(Abel's Test) Let $\left(f_n\right)$ and $\left(g_n\right)$ be two sequences of real-valued functions on a set $X$. Assume that: (i) $\sum_n f_n$ is uniformly convergent on $X$. (ii) There exists $M>0$ such that $\left|g_n(x)\right| \leq M$ for all $x \in X$ and $n \in \mathbb{N}$. (iii) $\left(g_n(x)\right)$ is monotone for each $x \in X$. Then the series $\sum_{n=1}^{\infty} f_n g_n$ is uniformly convergent on $X$.

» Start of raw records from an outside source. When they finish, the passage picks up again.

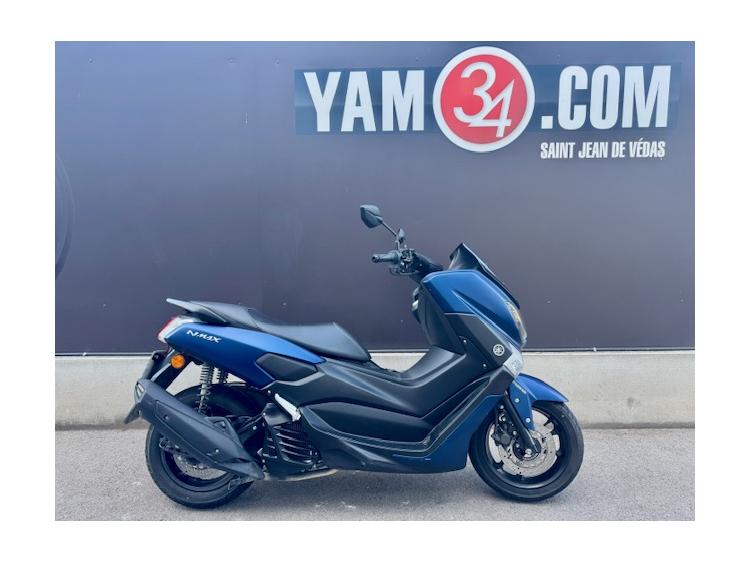 YAMAHA NMAX 125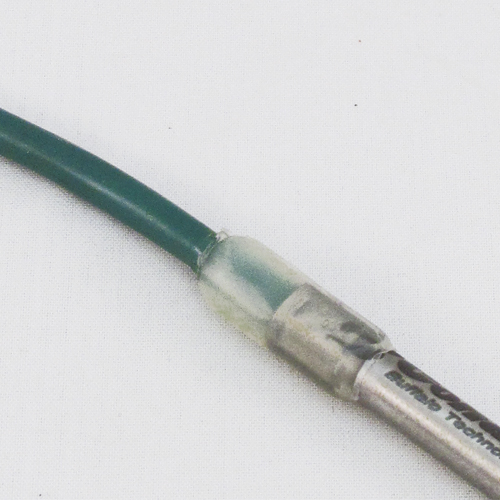 Overmolded Cable Seal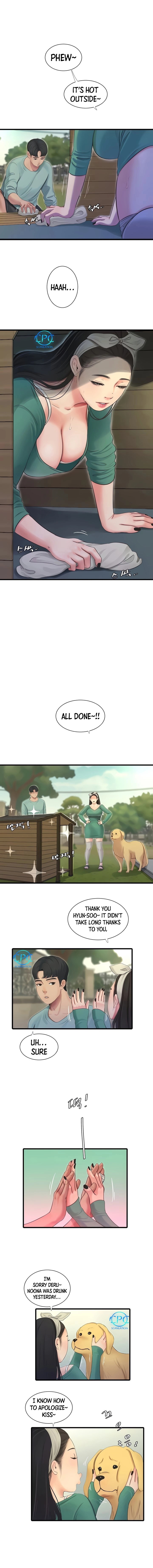 One’s In-Laws Virgins - Chapter 80 [photo 5] - MangaPorn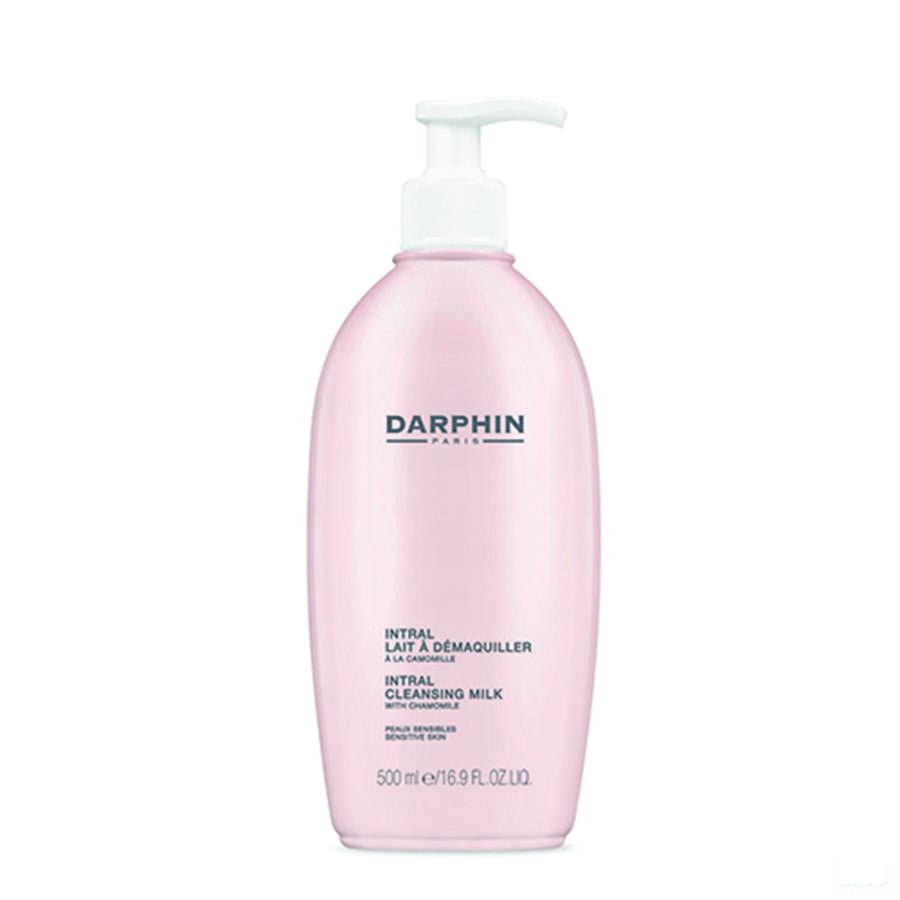 Darphin Intral Reinigingsmelk Nieuwe Formule 500ml Doc6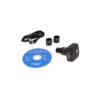 InspekTec IN5930 Digital Camera 3 MPixel for Microscopes, incl. imaging software for Windows, incl. set of adapters.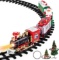 AOKESI Christmas Train Set, ...$49.98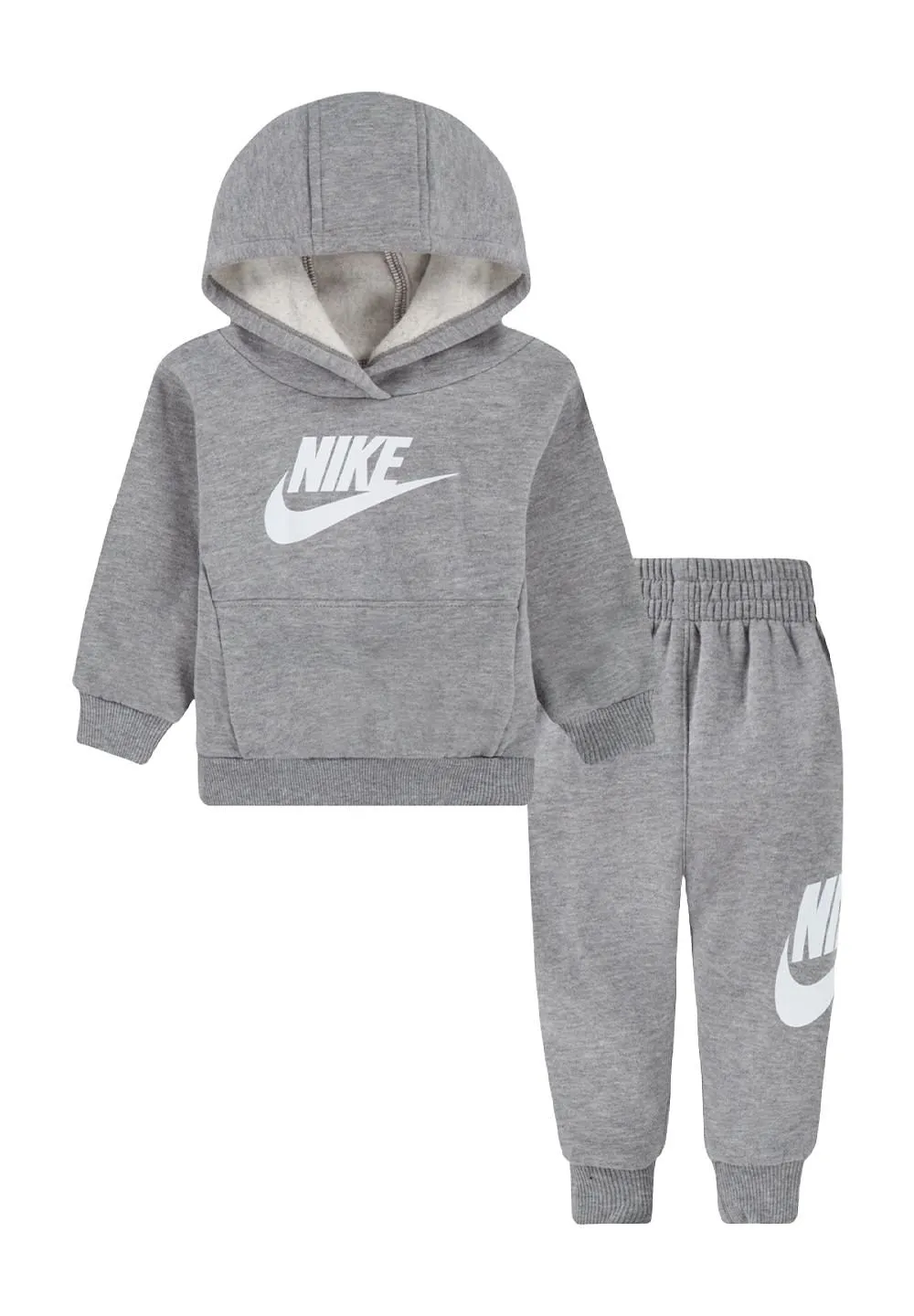 Nike Kids Sportswear Club Hoodie Set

I now present a proof which doesn't require the monotonicity
proof:
$\left|\sum_{k=m+1}^n f_k g_k\right|\leq M\left|\sum_{k=m+1}^n f_k\right|\leq M \cdot \varepsilon / M=\varepsilon .$
This follows from (i) and (ii) of the Theorem. QED
What is the mistake here and what would be a correct proof including the monotonicity criterion?
The error lies in the inequality$$\left|\sum_{k=n+1}^mf_kg_k\right|\leqslant M\left|\sum_{k=n+1}^mf_k\right|.$$All you can deduce from those assumptions is that$$\sum_{k=n+1}^m\left|f_kg_k\right|\leqslant M\sum_{k=n+1}^m\left|f_k\right|,$$which is not the same thing.